Am Rande des Ruhrgebiets, Ostwestfalen, 2015. In einem wüsten Festival-Moloch getauft, entsteht Hippie-Punk, progressiver Folk Rock, Avantgarde Rock. Aus einem völlig anderen Holz, als ihr es euch in euren kühnsten Träumen vorstellen könnt, sind ANDERES HOLZ geschnitzt. Deutsche Dichtkunst trifft auf osteuropäische Avantgarde und eine amerikanische Anti-Mainstream-Produktion. Auf der Bühne stehen Tine mit Bass und Geigenbogen-Basssoundeffekt, Flusi am Schlagzeug sowie Sänger ‚Kunde Waldzither‘, natürlich mit seiner Waldzither, einem Zupfinstrument aus der Familie der Cistern. Auf dem Produzenten-Sessel saß Matt Korr (TIAMAT, MORGOTH, KNALL, 3RD EAR EXPERIENCE).

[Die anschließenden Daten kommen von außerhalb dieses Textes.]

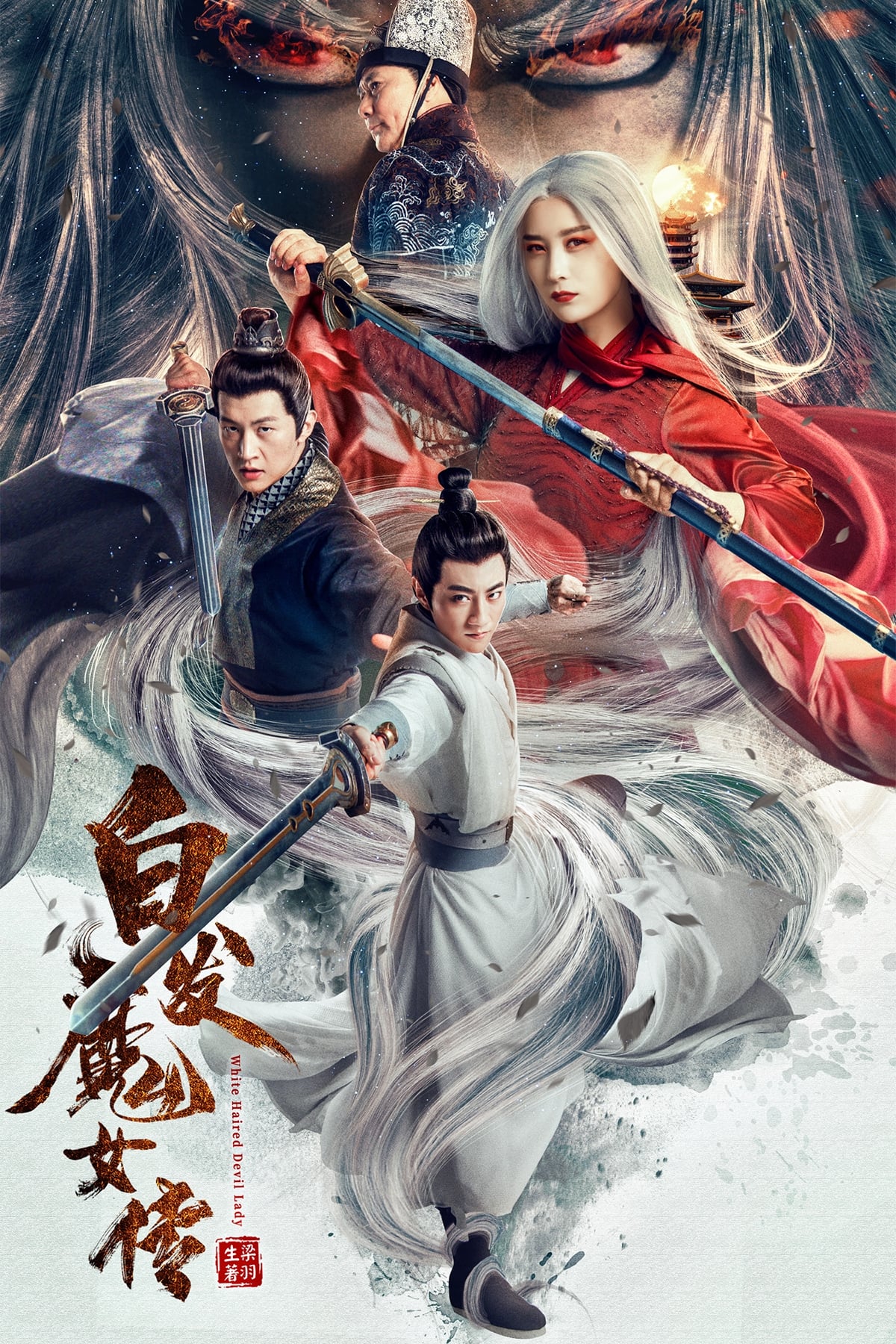Bai fa mo nu chuan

Die Musik ist eine Offenbarung: Zur feurigen Lagerfeuerromantik bei 104 Grad Fahrenheit im Americana fügt sich slawische Psychedelic hinzu. Nicht wenige kleine Evergreens stehen neben drei ausufernden Longtracks – allesamt mit hypnotischer Wirkung ausgestattet. Den fesselnden harten Folk zelebriert sogleich der Eröffnungstitel ´Mosaik´. Erste Verzweiflungsschreie sprießen aus dem dreizehnminütigen ´Ein Geheimnis´ heraus – schlagkräftig, emotional und martialisch trommelnd. Das ebenso lange ´Judo´ mutiert zwischendurch zur Noise-igen Geräuschkulisse. Der finale Longtrack ´Der große Zampano´ geht die siebzehn Minuten mit russischen Siebenmeilenstiefeln an, hält inne und entfaltet abermals hypnotisierend seine instrumentale Wirkung, um aus der bedrohlichen Enge frohlockend zum Akustikreigen aufzuspielen: „Das Morgentüdelü kann unmöglich Frieden sein, es fehlt der große Zampano, der Sonnensprung durchs Wolkenlaub, zum Abendtralala, die wollen gar keinen Frieden mehr, die Nacht ist viel zu nah, wo kommen all die Posaunen her, bis hierher und nicht weiter.“

Ob am Morgen oder Abend, ´Die Flamme´ wird in Zukunft nie mehr ungespielt bleiben, aus dem Ohr flieht sie sowieso nicht mehr: „Die Zeit, die niemals wiederkommt, gehört jetzt dir.“ Welch glorreicher Song, ob im Morgentau auf der Lichtung tanzend oder auf dem Parkett. Glühend heiß windet sich außerdem ´Lippen aus Schnee´ um die Feuerstelle: „Schaffen wir‘s durch den Winter“ – bereits jetzt eine legendäre Zeile. Obendrein findet sich eine Fremdkomposition ein. „Die bange Nacht“ ist ein deutsches Reiterlied aus der Zeit vor der Märzrevolution 1848/49, eine anonyme, antifaschistische Fassung erschien 1942. Geradeaus, scheppernd rockig, federleicht ins Licht pissend, gibt sich ´Dysfunktion´. Saitenschwingungen beschwören in ´Die Stadt´, mit Einschluss der Reprise von ´Die Flamme´, und ´Plankton´ diesen unheimlichen Band-Spirit herauf.

ANDERES HOLZ: Außergewöhnlich anders, aufwühlend, abartig angenehm und aufregend.